Jack nodded. ‘The Bahamas land mass is a limestone plateau, and during the last Ice Age the sea level was over a hundred metres lower than it is today. Rainwater percolated through the limestone and created huge cavern systems that became submerged as the sea rose after the end of the Ice Age. Where the roofs of the caverns have collapsed, they appear as deep blue holes in the reefs, or as depressions where the limestone fragments from the ceiling have collapsed and filled up the caverns.’
Jeremy turned to Mikhail. ‘But when you read the file, you believed Brown’s story?’
Mikhail paused. ‘I’ve been to war, and I know about post-traumatic flashbacks. The streets and hospitals of Russia are strewn with veterans of the Afghan war who’ve never been able to deal with it. The trauma, the flashback, is rarely generalized or conflated. It isn’t a mishmash of memories. It tends to be one specific event, remembered in exacting detail.’
‘You’re saying that Brown’s account wasn’t a product of delirium.’
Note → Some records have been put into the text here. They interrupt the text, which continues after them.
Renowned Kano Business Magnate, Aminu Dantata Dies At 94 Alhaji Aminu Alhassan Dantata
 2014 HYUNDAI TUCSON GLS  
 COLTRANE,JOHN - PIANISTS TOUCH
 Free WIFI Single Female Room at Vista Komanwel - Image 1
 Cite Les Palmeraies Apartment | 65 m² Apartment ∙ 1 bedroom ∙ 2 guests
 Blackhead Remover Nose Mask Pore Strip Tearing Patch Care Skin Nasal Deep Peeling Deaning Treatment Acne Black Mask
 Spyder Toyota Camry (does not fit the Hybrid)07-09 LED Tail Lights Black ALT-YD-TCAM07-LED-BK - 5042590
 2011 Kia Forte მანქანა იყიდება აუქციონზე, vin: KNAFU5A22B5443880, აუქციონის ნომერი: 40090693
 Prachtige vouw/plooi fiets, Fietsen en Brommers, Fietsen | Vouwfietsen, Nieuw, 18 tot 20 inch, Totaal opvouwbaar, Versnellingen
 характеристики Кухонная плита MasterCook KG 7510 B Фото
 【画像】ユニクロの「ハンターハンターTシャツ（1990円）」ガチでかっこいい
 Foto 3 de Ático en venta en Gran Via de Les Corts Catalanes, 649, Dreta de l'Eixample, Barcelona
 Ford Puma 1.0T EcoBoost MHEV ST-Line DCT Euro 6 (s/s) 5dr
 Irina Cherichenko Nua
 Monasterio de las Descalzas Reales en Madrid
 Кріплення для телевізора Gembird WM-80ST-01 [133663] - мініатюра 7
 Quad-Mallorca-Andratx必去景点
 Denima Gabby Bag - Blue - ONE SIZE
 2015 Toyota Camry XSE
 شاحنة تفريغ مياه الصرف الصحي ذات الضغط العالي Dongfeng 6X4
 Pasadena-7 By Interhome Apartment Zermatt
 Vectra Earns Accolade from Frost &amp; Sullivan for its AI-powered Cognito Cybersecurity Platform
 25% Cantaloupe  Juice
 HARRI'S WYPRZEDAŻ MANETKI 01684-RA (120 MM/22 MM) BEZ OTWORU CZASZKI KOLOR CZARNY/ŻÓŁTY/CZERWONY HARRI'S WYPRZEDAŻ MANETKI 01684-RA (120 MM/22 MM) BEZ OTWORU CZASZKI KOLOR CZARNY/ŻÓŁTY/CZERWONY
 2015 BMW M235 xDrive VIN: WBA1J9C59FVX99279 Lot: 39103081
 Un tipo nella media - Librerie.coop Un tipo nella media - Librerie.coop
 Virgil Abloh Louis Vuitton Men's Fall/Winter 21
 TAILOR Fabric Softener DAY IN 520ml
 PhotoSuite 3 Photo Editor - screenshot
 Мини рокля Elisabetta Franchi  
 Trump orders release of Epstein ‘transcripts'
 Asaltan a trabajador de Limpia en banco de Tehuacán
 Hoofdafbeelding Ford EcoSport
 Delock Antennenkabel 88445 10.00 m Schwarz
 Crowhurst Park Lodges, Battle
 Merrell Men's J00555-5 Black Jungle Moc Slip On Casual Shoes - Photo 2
‘I’m saying that if he was traumatized by his U-boat experience with Coastal Command in 1943, he wouldn’t have seen a blue hole in the flashback. He would have remembered everything from that event in 1943, but not added other memories. And anyway, the trauma idea doesn’t ring true. The intelligence officer was assuming what we might assume, that experiences such as that 1943 ditching must have been traumatic. But that’s just wrong. Flying night raids over Germany was about the most terrifying thing a man could do in that war, yet Brown and his fellow crew had done it over and over again, and volunteered for more. There was a reason they were selected for the nuclear programme. They were the toughest of the tough. Some people just don’t get traumatized.’